Volcanoes, earthquakes and tsunamis make people more religious according to a study reported by Adam Becket in today’s Church Times. Why? Is it because ‘religious coping provides a stable reason for why people believe in God’?
This explanation is religiously neutral: it tells us belief in God is psychologically helpful, regardless of whether it is true. This post suggests that believers can make stronger claims.
The study, by Jeanet Bentzen of the University of Copenhagen, was published in The Economic Journal. It finds that religiosity increases by 7.6 per cent in an area that had experienced a recent earthquake, when compared with an area that had not experienced one.
Figures are reported for earthquakes, volcanoes and tsunamis. Storms and hurricanes, on the other hand,
do not cause an increase in religiosity. Ms Bentzen accounts for this by saying that it is unpredictable disasters that have an impact, whereas weather systems can be predicted.
Bentzen concludes that this confirms
the idea by early scholars such as Karl Marx and Sigmund Freud that all religions provide a psychological coping mechanism.
Empiricism and atheism
It tells us something about Bentzen that she can call Marx and Freud ‘early scholars’. They were heavily influenced by earlier scholars. One idea they inherited was characteristic of 19th century anthropologists and sociologists: that uncritical empiricism was the only reason to believe anything. If you can’t see it or hear it, you have no reason to suppose it exists. It followed that belief in God was a puzzle needing to be explained. Why did our ancestors believe in gods they couldn’t see? Who invented religion?
Philosophers have long since abandoned uncritical empiricism. All our beliefs involve theories as well as seeing and hearing. Our hunter-gatherer ancestors believed, quite rightly, that the world must be maintained by forces more complex than they themselves could understand. The obvious assumption was that those forces were agents more intelligent than humans.

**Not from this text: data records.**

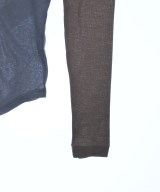 AURALEE（オーラリー）Tシャツ・カットソー 紺 サイズ:0(S位) レディース/2200683588057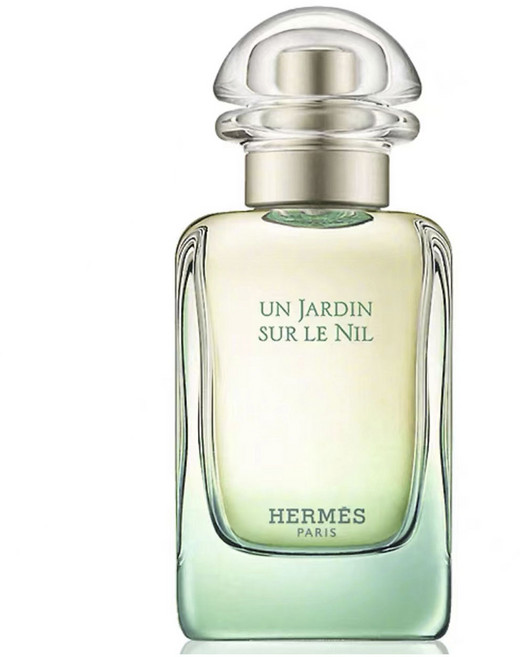 에르메스 운 자르뎅 수르닐 오 드 뚜왈렛, 50ml, 1개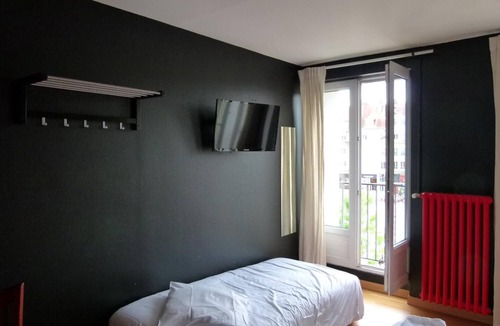 Beauvais Hotel | Victor Hôtel Restaurant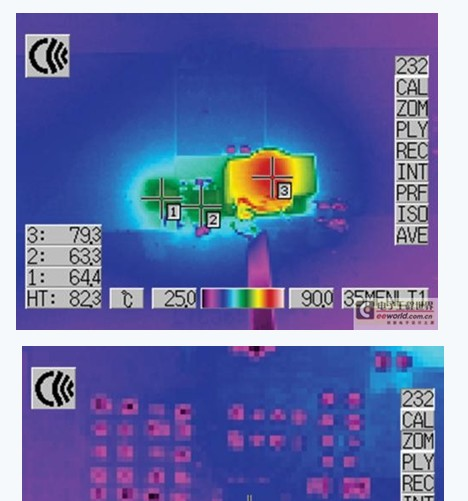 供应贴片功率电感 CD53 4.7UH 2.50A  (5.2*5.8*3.2MM)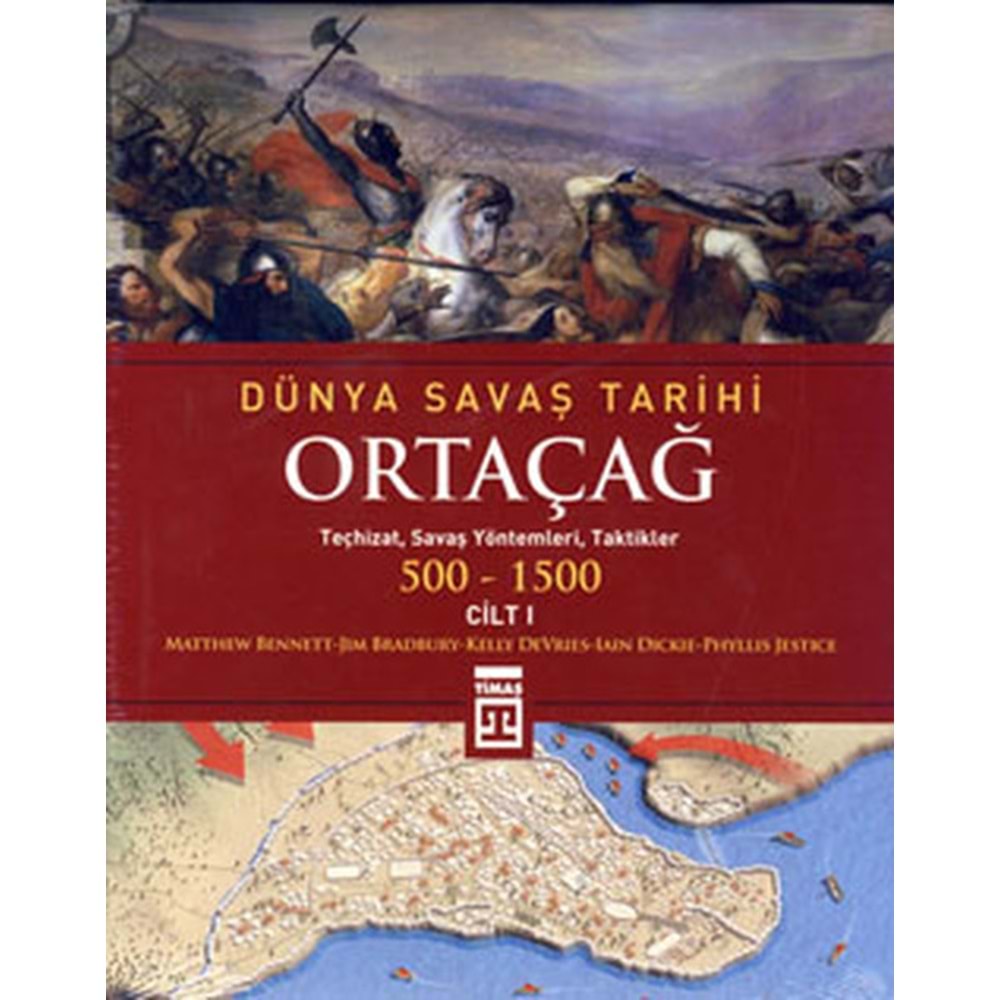 Ortaçağ - Dünya Savaş Tarihi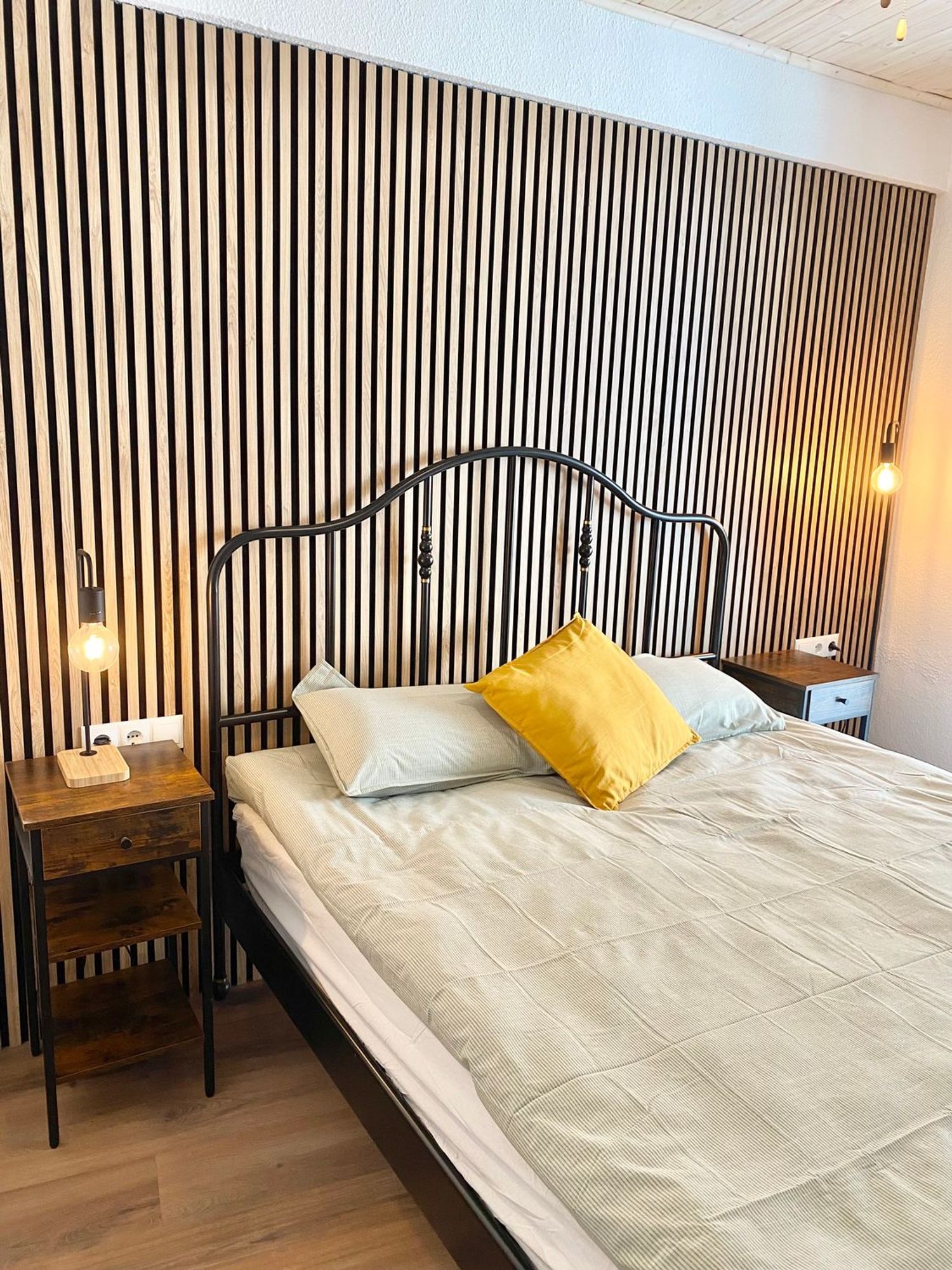 Estudio en calle Carmen Tato, 8 - Foto 2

Atheism claims that those forces are neither agents nor intelligent, but automatic and unthinking ‘laws of nature’. Believing they are automatic and unthinking is just as much an act of faith as believing they know what they are doing; but these different acts of faith produce different consequences for the way we think of our lives.
As long as we thought the forces of nature were more intelligent than us, we had good reason to respect the natural environment. It was better for us than anything we could have created ourselves. We could not explain everything – why God gave us volcanoes and earthquakes remained a puzzle – but puzzles are only to be expected as we are not designed to understand everything.
Atheism turns this on its head. No form of life knows things better than humans do. No form of life evaluates good and bad better than humans do. If we don’t know the truth, the truth is not known. What is good is what we judge to be good.
Atheism, therefore, quite logically sees it as its task to take over responsibility for running the world. What exists is what humans experience. What is good is what humans like. We may as well change the world to suit ourselves. One result, not surprisingly, is the climate crisis we have now.
Here we have two different accounts of security. We all want some sense of security, some sense that the world order is ultimately okay. Nobody wants to go back to the idea that absolutely nothing is predictable because the world is run by different gods with different agendas in conflict with each other. This was common among ancient polytheists, but we all want to hang onto a stronger sense that, when disaster strikes us and our loved ones, somehow there is still order and security in the grand scheme of things.
We have two methods for seeking it. The atheist method offers us the security of a regularity which is known by scientists, but produced by impersonal, automatic laws of nature. Why should we trust the laws of nature? Why should we believe that, in the grand scheme of things, all is well? The only possible reason is that scientists know about the laws of nature, and tell us that, ultimately, all is in order. Faith in science.
When Bentzen tells us that storms and hurricanes do not increase religiosity, we can see why. They do not challenge the dominant secular paradigm. We may not like the slates coming off our roof, but we can retain the sense of security provided by faith in science. All is well in the sense that scientists know what is happening.
Earthquakes, tsunamis and volcanoes, on the other hand, do challenge faith in science. They remind us that science does not have the world sewn up. If there is any reason for ultimate trust in the world order, we will not get it from science. We must seek it somewhere else.
The older, god-based account of the world works better on this level. Maintaining the universe, knowing how it works, and knowing the best way for humans to live, all have the same source. Our security lies in accepting that, whether we live or die, that source of all true facts and values remains constant – and, in some way we often cannot perceive, is on our side.
When the volcano erupts, it undermines faith in secular control. It doesn’t undermine faith in God.